MATERIALS PROVIDED:
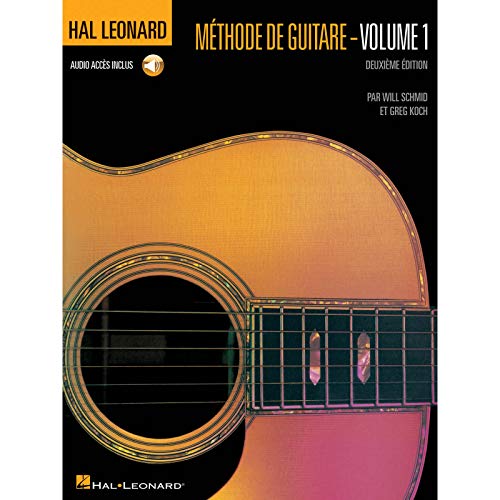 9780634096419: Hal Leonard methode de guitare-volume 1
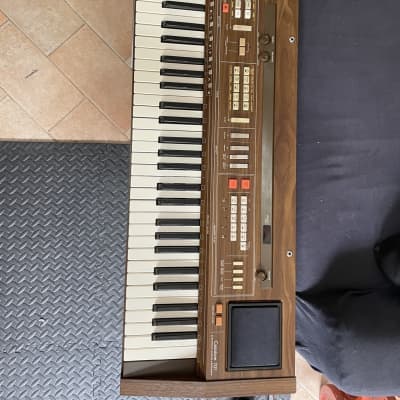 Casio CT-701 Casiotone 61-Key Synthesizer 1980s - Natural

...

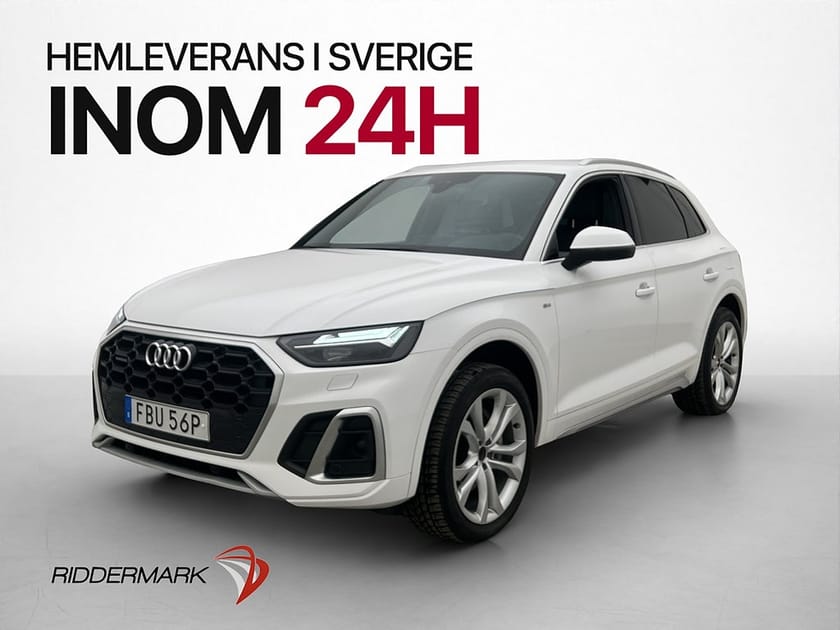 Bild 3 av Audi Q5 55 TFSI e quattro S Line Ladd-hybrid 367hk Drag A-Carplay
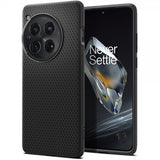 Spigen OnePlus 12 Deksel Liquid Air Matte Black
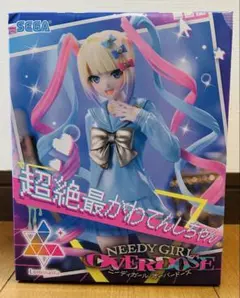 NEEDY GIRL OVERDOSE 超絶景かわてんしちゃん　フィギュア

ASSIGNMENT: Now transcribe the lines above exactly, starting at the line containing "Spigen OnePlus 12" and ending at the line containing "NEEDY GIRL OVERDOSE 超絶景かわてんしちゃん　フィギュア", both lines included, pictures excluded.

OUTPUT OF THE EXERCISE:
 Spigen OnePlus 12 Deksel Liquid Air Matte Black
 NEEDY GIRL OVERDOSE 超絶景かわてんしちゃん　フィギュア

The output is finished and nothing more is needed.